Ask Amy did advise her reader (who signed herself Troubled Waters in PA, although I think To Hell With Kitty Genovese might have been a more fitting moniker) to notify the police as well as building management: “This is one of those times when you might have to tolerate some discomfort (or the prospect of it) for the greater good.” But I don’t think she said so nearly forcefully enough, and lost the opportunity to get a stronger message out to readers.


As it happens, I know that even if that pool flasher was, as Amy suggested he might be, “a registered sex offender,” notifying management might not be enough to solve the problem. As I wrote in a Wall Street Journal op-ed last year:



Did you know that in California, child molesters and rapists are a protected class? It’s true. Not only are California landlords banned from using the state’s Megan’s Law database to decline renting their properties to sex offenders, they’re not even allowed to warn other tenants that these paroled criminals are now their neighbors. If they do the first, they can be fined $25,000 for housing discrimination. But if they don’t do the second, they can be sued for failing to protect tenants against a known danger.


So it would seem especially important for all citizens to take responsibility for their neighbors’ safety – especially when those neighbors include children – rather than simply think notifying management takes care of the problem. (Although certainly the woman should do that too, even if she did worry it put her own hide “at risk.”)

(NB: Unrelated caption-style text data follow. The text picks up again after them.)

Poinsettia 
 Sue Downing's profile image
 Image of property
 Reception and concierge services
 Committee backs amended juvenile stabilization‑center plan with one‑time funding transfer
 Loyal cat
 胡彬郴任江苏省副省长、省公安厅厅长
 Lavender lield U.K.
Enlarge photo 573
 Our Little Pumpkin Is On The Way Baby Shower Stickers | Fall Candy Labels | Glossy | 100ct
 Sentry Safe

A far more inspiring example of how to behave in these situations comes from my friend Linda, who now is a respectable middle-aged mother of two but spent a lot of time skipping school and hanging out on Hollywood Boulevard as a teenager. Once she was sitting at a bus stop with a friend when a man in a business suit walked up, briefly exposed himself, then strolled on.


Linda, suddenly inspired, looked at her friend – who like her, was almost six-feet tall – and said: “Let’s get him!”


So they galloped full speed after the hapless (and now presumably terrorized flasher). He got away, but I can only imagine the strain he felt, huffing and puffing down Hollywood Boulevard with two angry and extremely tall teenagers in hot pursuit. I like to think that later on he had a stroke. But in any case, I bet he thought twice before trying something like that again.